In fact, in this case we can use $$\partial_{\lambda}(\sqrt{-g})=\sqrt{-g}\, \Gamma^{\mu}_{\mu \lambda} \qquad (1)$$ so that $$\int_M \partial_{\lambda}(w^{\lambda}\sqrt{-g})d^nx=\int_M \nabla_{\lambda}w^{\lambda}\sqrt{-g}d^nx$$ Now we can use the Stokes theorem: $$\int_M \nabla_{\mu}V^{\mu}\sqrt{-g}d^nx=\int_{\partial_M}n_{\mu}V^{\mu}\sqrt{-\gamma}d^{n-1}x$$ where n is the 4-vector normal to $\partial M$ and $\gamma$ is the induced metric on $\partial M$

If $\Gamma$ is not the Levi-Civita connection, this proof breaks down because we cannot use (1) anymore.
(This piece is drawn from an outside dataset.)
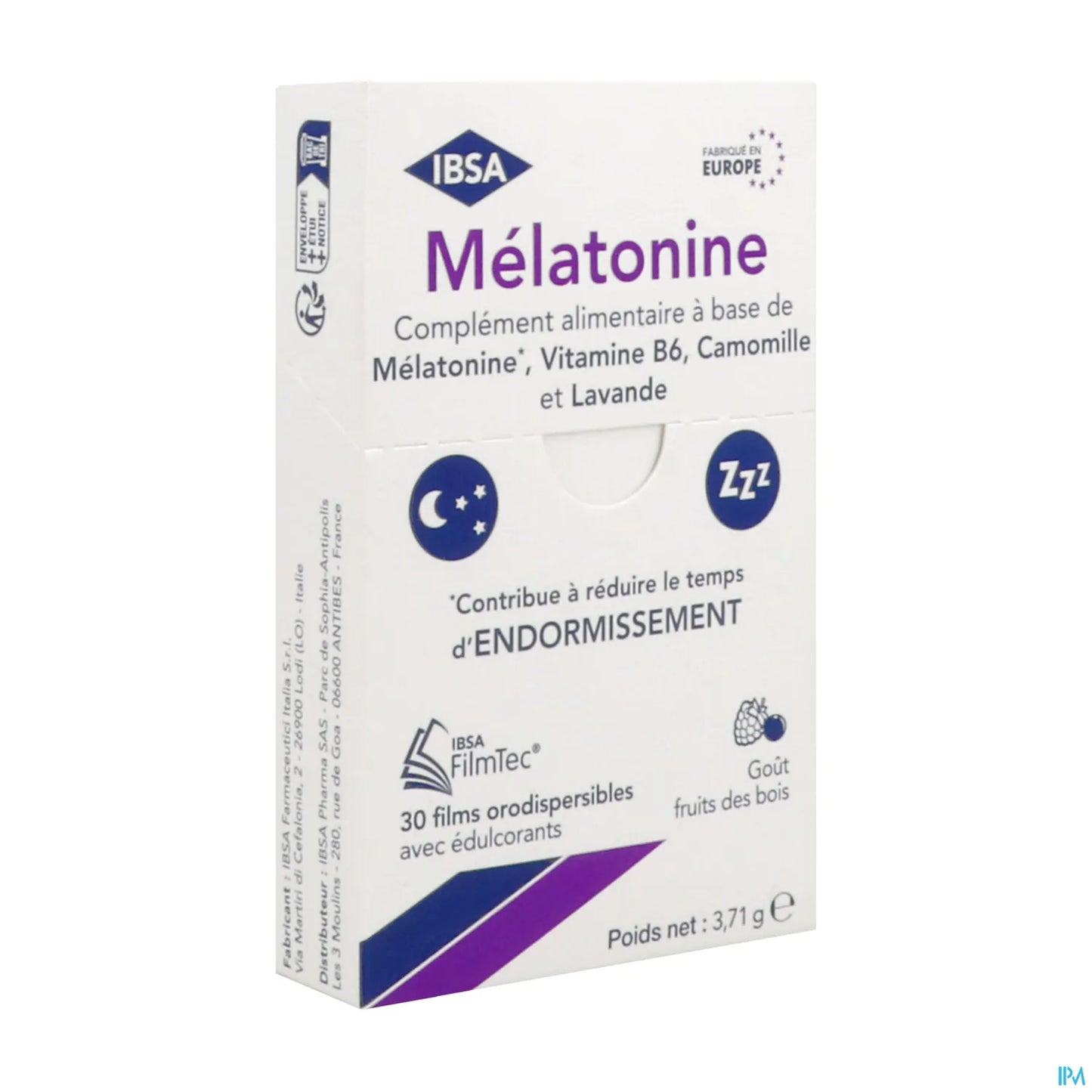 Mélatonine 30 Films Orodispersibles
In first order formalism, we treat $g$ and $\Gamma$ as two independent variables, so $\Gamma$ isn't the Levi-Civita connection until we solve the EOMs. Despite of this, we still consider the integral $\int_M \partial_{\lambda}(w^{\lambda}\sqrt{-g})d^nx$ as an integral on $\partial M$ in first order formalism, as far as I know. Why is it so?

  • Is $\int_M \partial_{\lambda}(w^{\lambda}\sqrt{-g})d^nx$ a boundary integral if $\Gamma$ is a general connection?
  • In particular, is this the case if $\Gamma$ is torsionless, but no metric compatibility is assumed?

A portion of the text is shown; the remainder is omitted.